Prosecutors say Entwistle had mounting financial problems that he apparently hid from his wife, and initially may have planned to kill himself before deciding to flee to his native country.
Rachel Entwistle's family released a statement saying they were "deeply saddened" by his arrest.
"Rachel and Lilly loved Neil very much. Neil was a trusted husband and father and it is incomprehensible how that love and trust was betrayed in the ultimate act of violence," the statement read.
Entwistle, charged with two counts of murder, illegal possession of a firearm and illegal possession of ammunition, was ordered held in custody Thursday following a hearing at London's Bow Street Magistrates Court.
He did not immediately consent to return to the United States, but the hearing was continued to today, when he is expected to formally indicate whether he would fight extradition.
District Judge Timothy Workman did not ask Entwistle to enter a plea, and said a decision on whether he would be handed over to U.S. authorities had to be made by April 15 under British law. Ben Brandon, Entwistle's attorney, told the court he may seek bail for his client today.
In Massachusetts, Middlesex District Attorney Martha Coakley said authorities believe Entwistle used his father-in-law's .22-caliber handgun to shoot Rachel Entwistle, 27, and 9-month-old Lillian on the morning of Jan. 20.
That afternoon, she said, he drove a 50-mile route from the family's rented home in Hopkinton to his father-in-law's house in Carver, where he slipped in while no one was home and returned the handgun to his father-in-law's gun collection.
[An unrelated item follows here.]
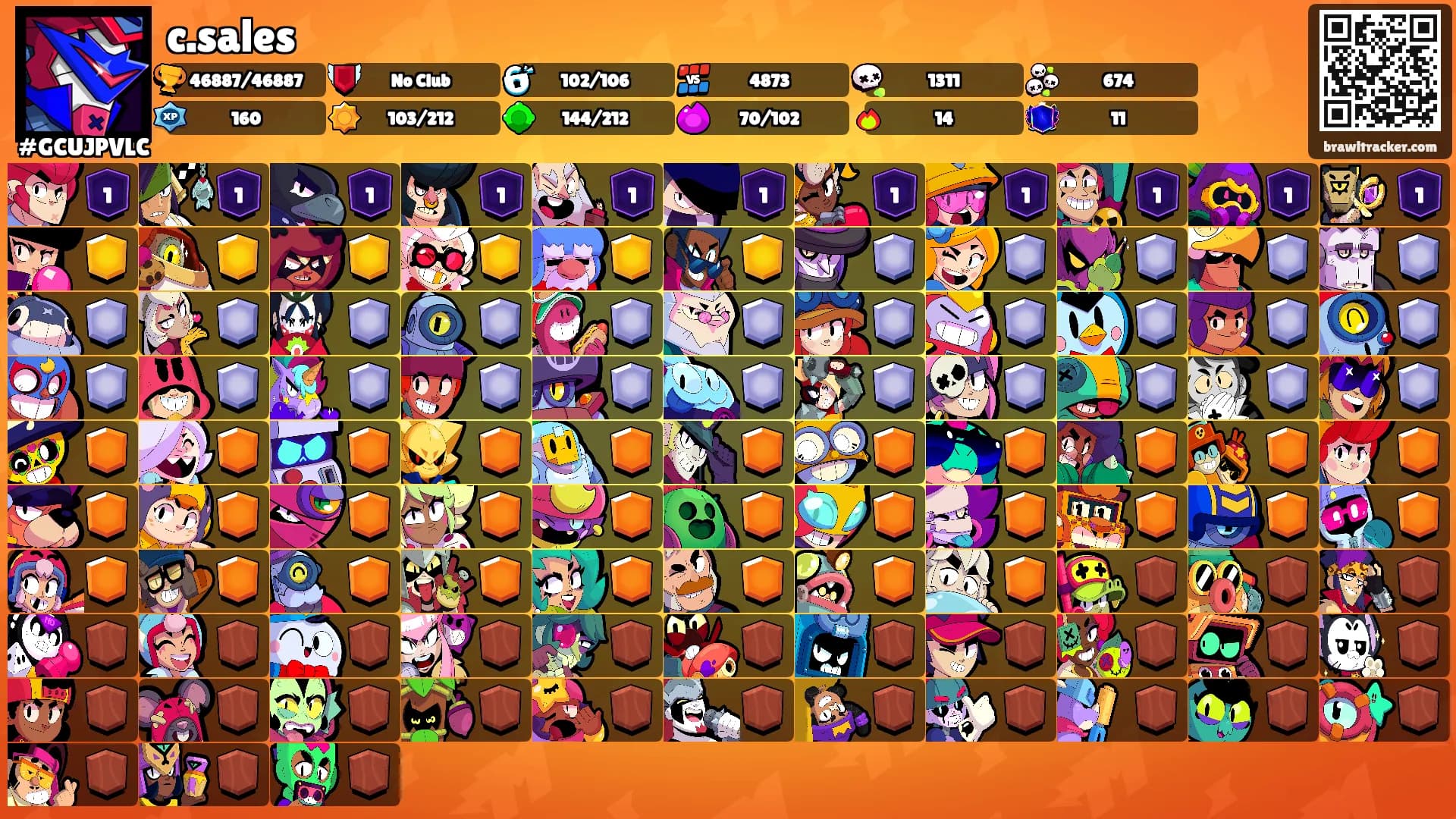 c.sales's Ranks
The gun cabinet was locked, but Neil Entwistle knew where to find a key and had previously fired the same gun with his father-in-law for target practice, Coakley said.
He then tried "different ways to raise money" to return to England, and ended up using a credit card to purchase a one-way ticket to London over the phone at about 5 a.m. the day after the killings, Coakley said. He left three hours later on an 8:15 a.m. British Airways flight from Boston's Logan International Airport.
Coakley did not say if Entwistle tried to call family members in England to get the money for an airline ticket.
Since then, Entwistle had stayed mostly at his parents' house in Worksop, about 150 miles from London. When he was arrested Thursday, he had been visiting a friend and was not trying to escape, Coakley said.
Neil Entwistle met Rachel Souza, a Kingston native, in 1999 at the University of York, where she was spending a year abroad. They were married in 2003 and stayed in England for the next two years. Their daughter was born in April, and Coakley said Rachel wanted to return to the United States so they could be near her family.
They stayed with Rachel's parents for about six months before moving into a home in Hopkinton, a Boston suburb, about a week before mother and daughter were killed.
Coakley said Entwistle had accumulated some debts in England, and his financial troubles appeared to worsen after he was unable to find a job in the U.S. Several Internet ventures also began to falter, Coakley said.
Entwistle apparently hid his financial troubles from his family, including his wife, Coakley said. There were no reports of any domestic violence, and family and friends told investigators the couple appeared to be happily married.
"The picture we had was of a young couple starting out with a healthy future," she said.